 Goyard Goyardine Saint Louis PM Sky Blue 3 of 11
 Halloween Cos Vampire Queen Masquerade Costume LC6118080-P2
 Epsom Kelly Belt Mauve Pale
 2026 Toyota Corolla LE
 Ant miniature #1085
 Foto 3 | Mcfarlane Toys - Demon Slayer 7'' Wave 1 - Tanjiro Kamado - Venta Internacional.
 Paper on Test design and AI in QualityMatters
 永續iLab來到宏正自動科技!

===

## EXERCISE OBJECTIVE
Restate the full listing word for word, leaving out nothing.

## SOLUTION TO THE PROBLEM
 Goyard Goyardine Saint Louis PM Sky Blue 3 of 11
 Halloween Cos Vampire Queen Masquerade Costume LC6118080-P2
 Epsom Kelly Belt Mauve Pale
 2026 Toyota Corolla LE
 Ant miniature #1085
 Foto 3 | Mcfarlane Toys - Demon Slayer 7'' Wave 1 - Tanjiro Kamado - Venta Internacional.
 Paper on Test design and AI in QualityMatters
 永續iLab來到宏正自動科技!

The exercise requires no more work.